I ended up with a Maxi-Jet 400.. I think it will work fine, time will tell.


----------



## Damon (Jan 18, 2005)

The powerhead is a good idea. As for the tank cycling, believe it or not, it is cycling. Planted tanks don't (or should not) spike in NH3/NH4 and No2. Plants can use these elements up as fast as the fish can produce them. Your tank is doing fine.


----------



## CroW (Sep 5, 2005)

Thanks for the reassurance Simpte.. I was starting to wonder about it..

I started using the powerhead to circulate the water through an external CO2 reactor (a former gravel vac).. My plants are perking up, but I need more light to really get things going. Right now I'm at .64wpg, looking at this as a solution to that problem.

Thanks for the help and advice all.

--CroW


----------



## Damon (Jan 18, 2005)

There are a cpl of ways to get your lighting up and depending on how much you want, (2wpg 3wpg) it can be relatively cheap.

2x55 pc will increase you lighting to 2wpg (good watts also)
a N.O. 48inch triple tube will give you a little over 2wpg.
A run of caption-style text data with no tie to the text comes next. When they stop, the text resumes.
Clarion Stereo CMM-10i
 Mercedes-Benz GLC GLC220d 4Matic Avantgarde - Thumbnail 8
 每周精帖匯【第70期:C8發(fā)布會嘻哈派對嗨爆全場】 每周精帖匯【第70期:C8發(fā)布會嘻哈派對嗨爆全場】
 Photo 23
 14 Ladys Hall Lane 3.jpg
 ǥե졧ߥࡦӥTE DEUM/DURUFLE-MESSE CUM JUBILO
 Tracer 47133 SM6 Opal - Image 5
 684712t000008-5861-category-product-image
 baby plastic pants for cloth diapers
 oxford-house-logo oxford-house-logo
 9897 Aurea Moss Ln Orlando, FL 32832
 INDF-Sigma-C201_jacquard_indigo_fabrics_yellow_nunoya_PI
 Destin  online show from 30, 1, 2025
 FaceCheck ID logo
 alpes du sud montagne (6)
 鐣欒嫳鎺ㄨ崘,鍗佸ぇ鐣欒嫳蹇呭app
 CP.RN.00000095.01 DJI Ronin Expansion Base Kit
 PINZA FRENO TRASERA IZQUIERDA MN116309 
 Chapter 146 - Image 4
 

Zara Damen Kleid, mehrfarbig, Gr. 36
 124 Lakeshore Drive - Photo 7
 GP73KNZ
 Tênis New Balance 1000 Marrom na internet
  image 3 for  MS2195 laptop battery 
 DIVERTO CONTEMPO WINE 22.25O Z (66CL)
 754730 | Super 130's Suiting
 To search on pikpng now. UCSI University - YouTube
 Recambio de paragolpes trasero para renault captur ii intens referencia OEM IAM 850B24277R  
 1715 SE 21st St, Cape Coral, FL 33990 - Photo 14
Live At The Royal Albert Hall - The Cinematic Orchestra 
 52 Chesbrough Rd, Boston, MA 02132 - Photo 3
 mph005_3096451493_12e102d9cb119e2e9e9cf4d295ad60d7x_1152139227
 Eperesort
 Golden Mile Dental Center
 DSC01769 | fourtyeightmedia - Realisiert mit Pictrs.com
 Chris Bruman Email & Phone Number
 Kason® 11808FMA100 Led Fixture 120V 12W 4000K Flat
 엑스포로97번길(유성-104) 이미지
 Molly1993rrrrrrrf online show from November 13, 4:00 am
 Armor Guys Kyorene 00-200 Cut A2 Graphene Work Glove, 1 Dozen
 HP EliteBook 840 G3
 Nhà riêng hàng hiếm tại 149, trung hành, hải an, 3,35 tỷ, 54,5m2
Not as strong in penetration but a better spread.

Both can be had for ~$100.00


----------



## CroW (Sep 5, 2005)

I went ahead and got the Jebo fixture (should be here later this week). It's 4x65W max though I'll probably won't make use of all 4 bulbs. I think 4.7wpg would be overkill for my setup.


----------



## Georgia Peach (Sep 23, 2005)

glad you got things worked out.. would love to see some pics!


----------